(Data extracts)

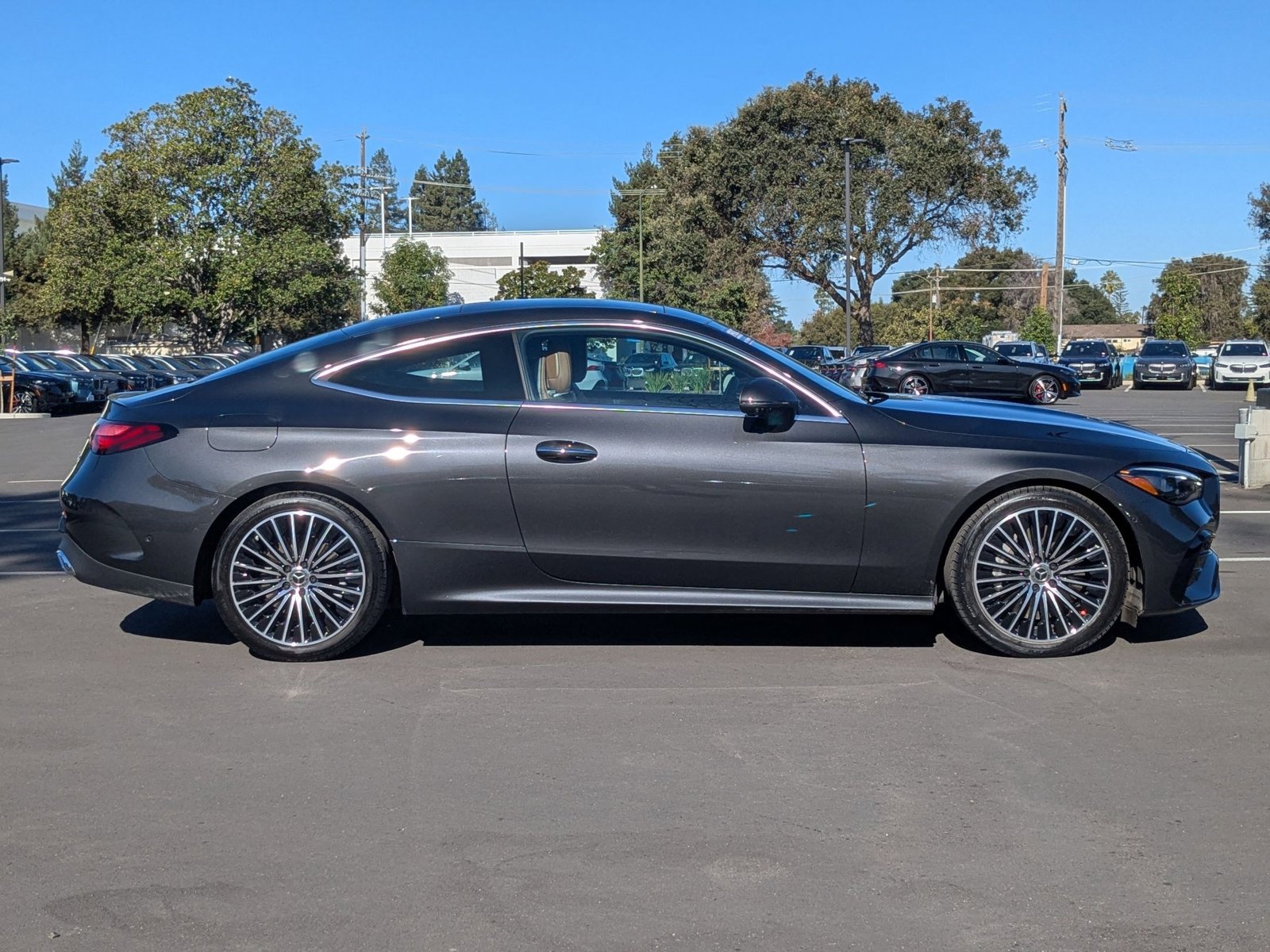 2024 Mercedes Benz CLE 450 4MATIC photo 4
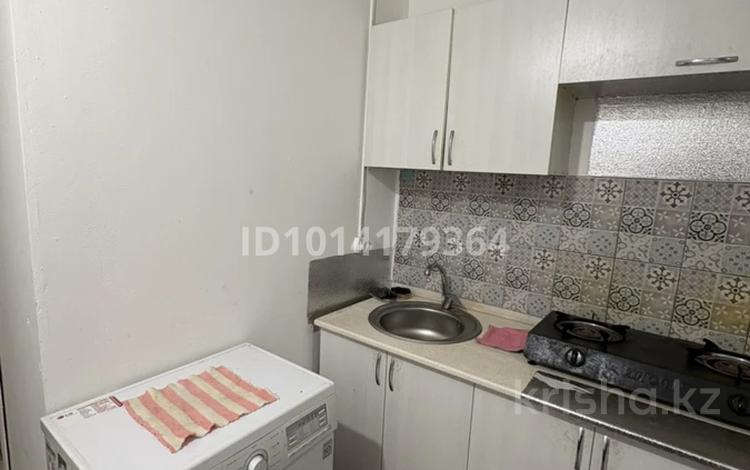 1-комнатная квартира · 40 м² · 2/2 этаж, мкр Шанырак-1 9 — Школа 169 Остановка Школа все рядом главная дорога за 130 000 ₸ в Алматы, Алатауский р-н — фото 2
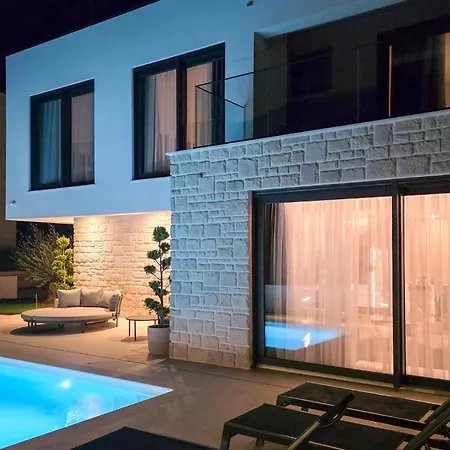 Stunning In Seget Donji Trogir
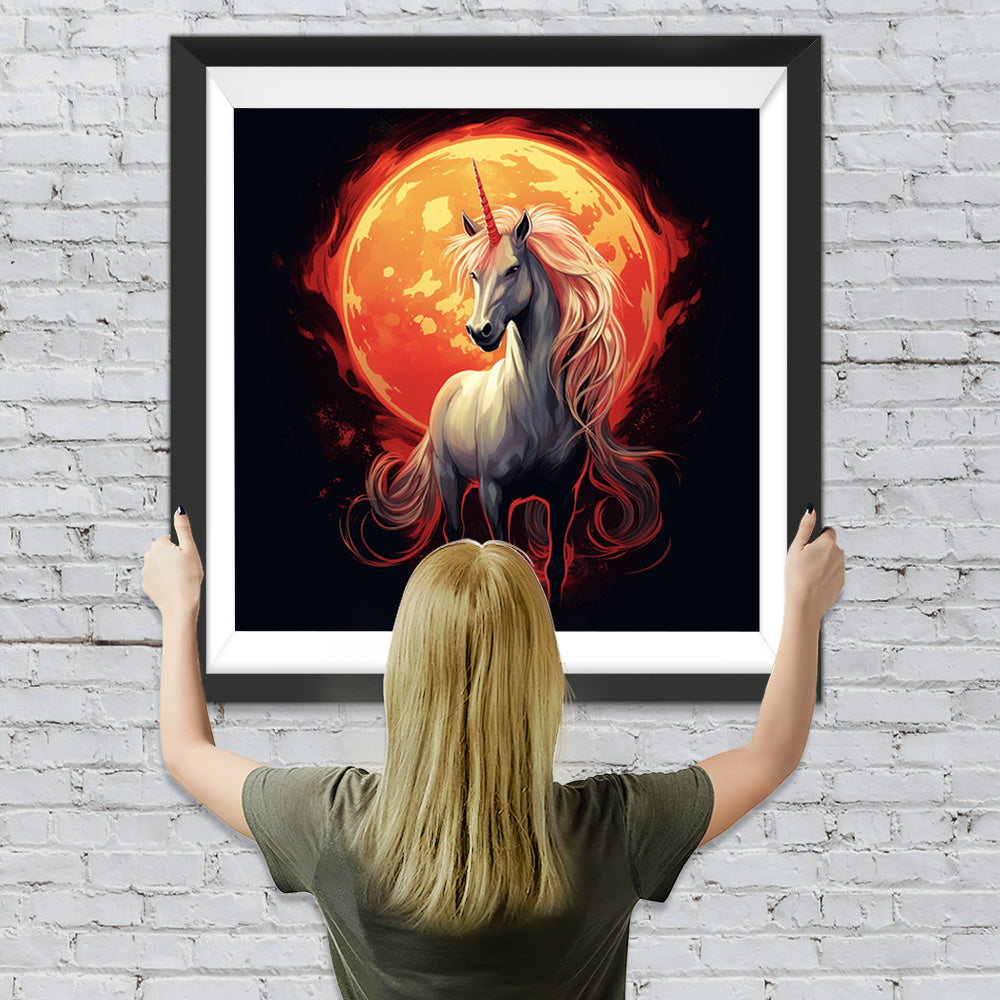 Weißes Einhorn und rote Sonne in der Dunkelheit Diamond Painting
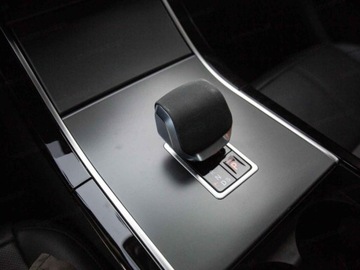 Land Rover Range Rover Velar SUV Plug -In Facelifting 2.0 P400e 404KM 2025 Range Rover Velar P400e Dynamic SE 2.0 (404KM) 2025, zdjęcie 8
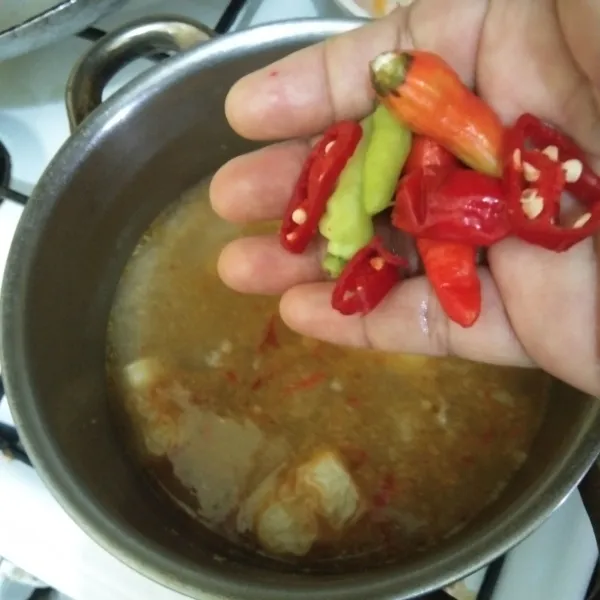 Masukan bakso, chikuwa dan cabai rawit utuh dan irisan cabai merah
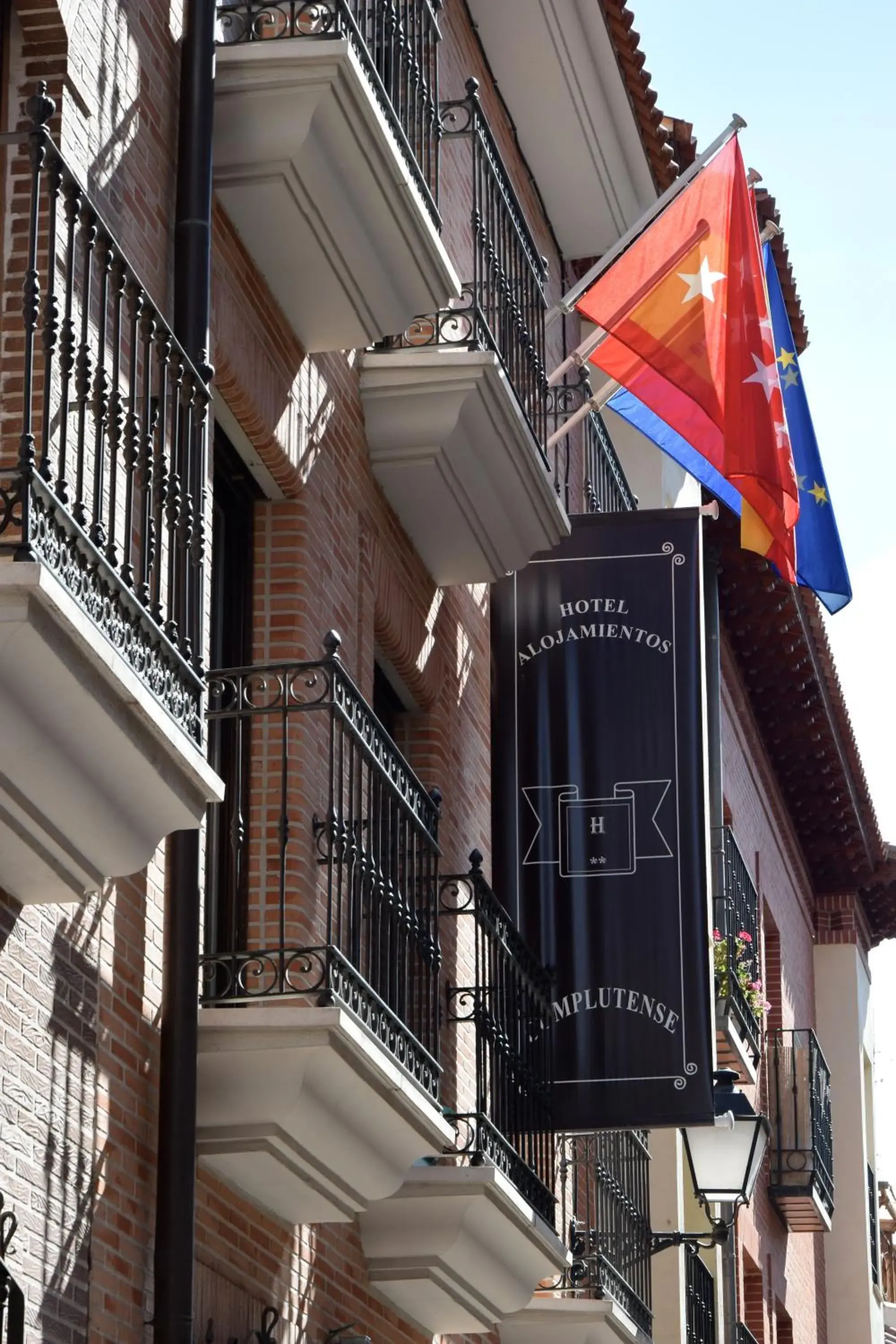 Day, Patio/Outdoor Area in Hotel Complutense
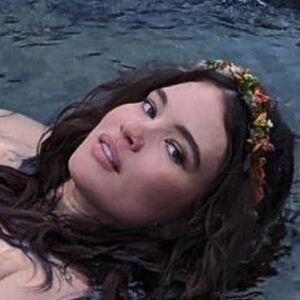 MollyRebbit / MollyRedWolf / mollyredwolf_ph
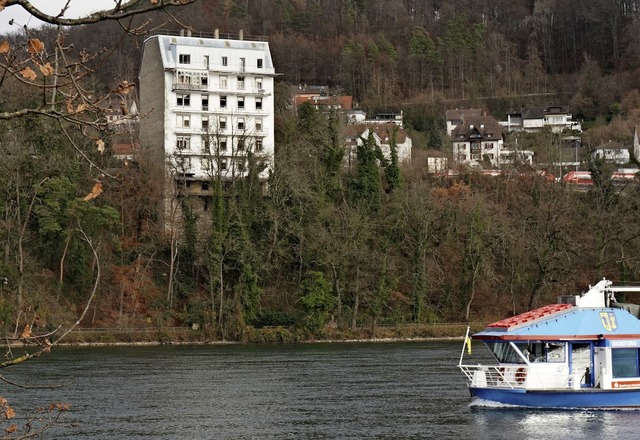 In exponierter Lage ber der Waldshute...as im Jahr 1900 erbaute Rheinschloss.   | Foto: Gerard, Roland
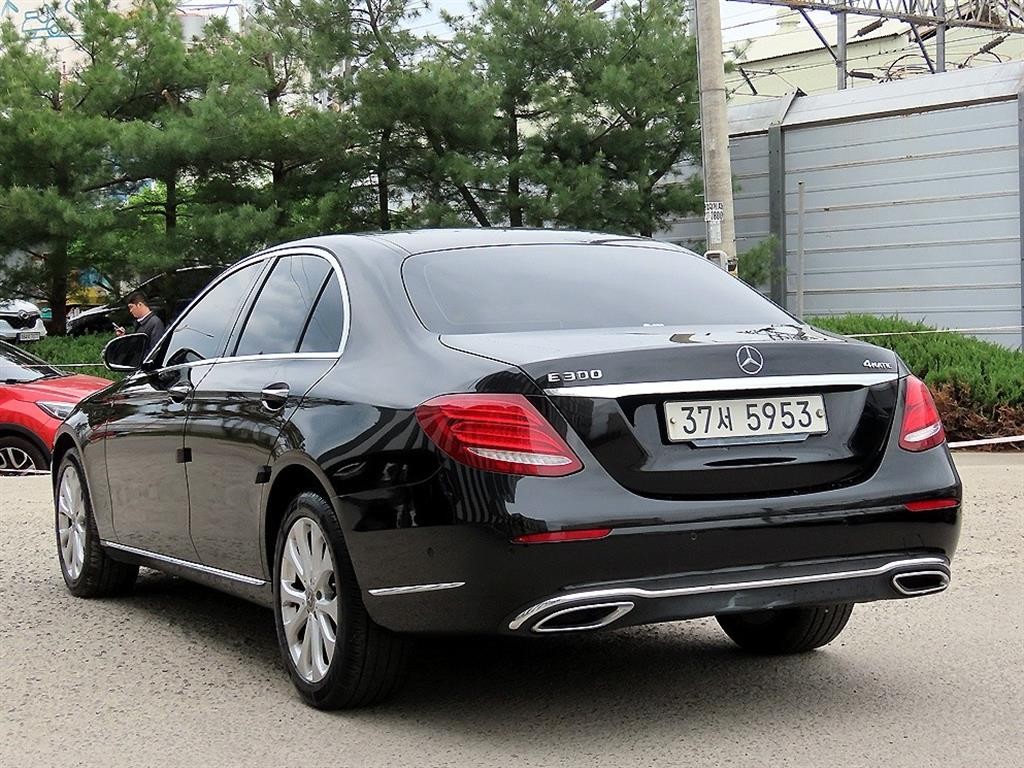 벤츠 E 클래스 E-클래스 W213 E220d 4MATIC 익스클루시브 이미지 3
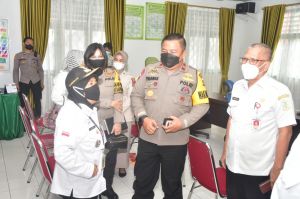Zoom Meeting Wakapolda Jambi, Wakapolri Pantau Vaksinasi Serentak di Puskesmas Koni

(End Data extracts)

— Task to carry out —
No pictures should appear in the copy, and each record above is to be returned exactly.

— Written solution —
 2024 Mercedes Benz CLE 450 4MATIC photo 4
 1-комнатная квартира · 40 м² · 2/2 этаж, мкр Шанырак-1 9 — Школа 169 Остановка Школа все рядом главная дорога за 130 000 ₸ в Алматы, Алатауский р-н — фото 2
 Stunning In Seget Donji Trogir
 Weißes Einhorn und rote Sonne in der Dunkelheit Diamond Painting
 Land Rover Range Rover Velar SUV Plug -In Facelifting 2.0 P400e 404KM 2025 Range Rover Velar P400e Dynamic SE 2.0 (404KM) 2025, zdjęcie 8
 Masukan bakso, chikuwa dan cabai rawit utuh dan irisan cabai merah
 Day, Patio/Outdoor Area in Hotel Complutense
 MollyRebbit / MollyRedWolf / mollyredwolf_ph
 In exponierter Lage ber der Waldshute...as im Jahr 1900 erbaute Rheinschloss.   | Foto: Gerard, Roland
 벤츠 E 클래스 E-클래스 W213 E220d 4MATIC 익스클루시브 이미지 3
Zoom Meeting Wakapolda Jambi, Wakapolri Pantau Vaksinasi Serentak di Puskesmas Koni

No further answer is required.